Se conocieron en un recóndito callejón adoquinado de la que era por aquel entonces la zona de la ciudad que los jóvenes frecuentaban cuando buscaban diversión a altas horas de la noche. Hacía demasiado tiempo que ella se sentía sola, y él hacía demasiado tiempo que se sentía vacío. Una mirada sincronizada unió sus ojos enrojecidos por el humo de la discoteca de la que acababan de salir después de que el personal hubiese echado, como si fuesen agua sucia, a los clientes que llenaron su caja esa noche.
A lo lejos se escuchaban jóvenes hablando a gritos y haciendo todo lo que el alcohol –y otras sustancias nocivas para la salud y poco toleradas socialmente– les alentaba a hacer. La lluvia que había caído de manera sorpresiva una hora antes, además de haber dejado mojado todo cuanto se encontrase a la intemperie, hizo que se formasen algunos charcos por las calles de la ciudad.
–¿Quieres uno? –preguntó él mientras sacaba un cigarrillo de su cajetilla de tabaco para llevarlo a sus labios de un modo que, en su estado de embriaguez, creía sexy.

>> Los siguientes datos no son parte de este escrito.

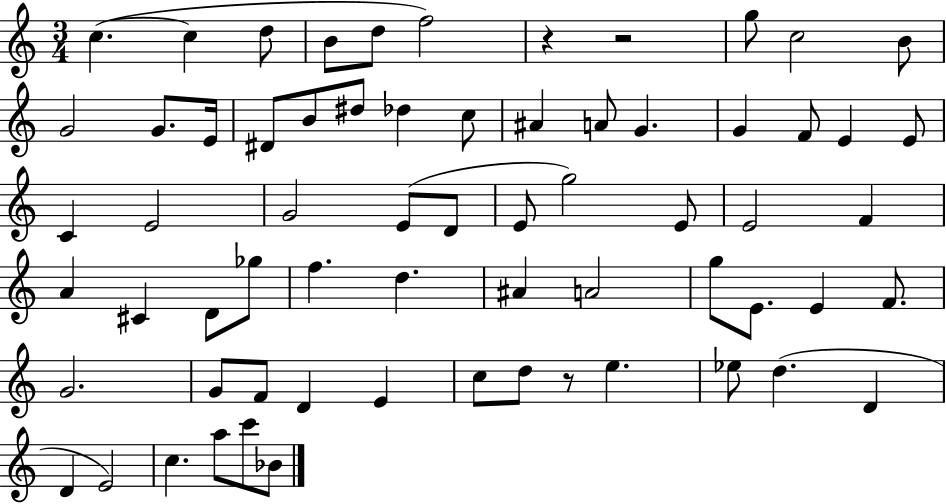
{
  \clef treble
  \numericTimeSignature
  \time 3/4
  \key c \major
  \repeat volta 2 { c''4.~(~ c''4 d''8 | b'8 d''8 f''2) | r4 r2 | g''8 c''2 b'8 | \break g'2 g'8. e'16 | dis'8 b'8 dis''8 des''4 c''8 | ais'4 a'8 g'4. | g'4 f'8 e'4 e'8 | \break c'4 e'2 | g'2 e'8( d'8 | e'8 g''2) e'8 | e'2 f'4 | \break a'4 cis'4 d'8 ges''8 | f''4. d''4. | ais'4 a'2 | g''8 e'8. e'4 f'8. | \break g'2. | g'8 f'8 d'4 e'4 | c''8 d''8 r8 e''4. | ees''8 d''4.( d'4 | \break d'4 e'2) | c''4. a''8 c'''8 bes'8 | } \bar "|."
}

–Gracias. –Sin haber dicho nada más, ella se acercó y extendió el brazo para alcanzar el cigarrillo que su pretendiente había sacado para la chica al ver que se movía hacia él.
Con el tabaco en sus mal pintados labios, ella inclinó ligeramente la cabeza hacia arriba para que aquella especie de donjuán en sus horas más bajas, lo encendiese con su mechero mientras ella colocaba las manos a los lados, evitando que el poco viento que corría pudiese entorpecer aquella acción.
–¿Cómo te llamas?
–Águeda, ¿y tú?
–Edu, encantado.
Ese fue el inicio de una larga noche que se sucedió con otra, y ésta con otra, y así hasta crear una dependencia emocional tan grande, tóxica y destructiva, como la que les mantenía atados a las drogas. Al principio se creían invencibles, la pareja de moda, los más «guays», pero pronto comenzaron a verse inmersos en una vorágine de violencia –verbal y física– por parte de ambos. Se necesitaban para no sentirse solos, pero lo que en realidad necesitaban era no verse nunca más para no continuar alimentando ese monstruo que juntos nutrían y que había hecho que quedasen totalmente aislados del resto de la sociedad. Sus amistades fueron las primeras en desalojar el barco metafórico que les unía a ellos, como las ratas, según cuentan, son adelantadas exploradoras cuando de abandonar uno que se hunde se trata. Después, sus familias comenzaron a darles de lado hasta que perdieron todo contacto con ellos ¿Comprensible? Bueno, para la pareja no, pero era lo que había ocurrido cuando se vieron malviviendo en las calles por las que años atrás solían divertirse y mirar con desprecio a quienes estaban en la misma situación que ellos se encontraban ahora.
A modo de prostitución «low cost» Águeda se dejaba manosear –cuando menos– a cambio de un poco de droga que compartía con Edu, quien se había convertido en su «representante», palabra que usaba para que sonase todo un poco más artístico, en lugar de usar la palabra correspondiente: proxeneta; o un término más extendido entre la sociedad: chulo putas.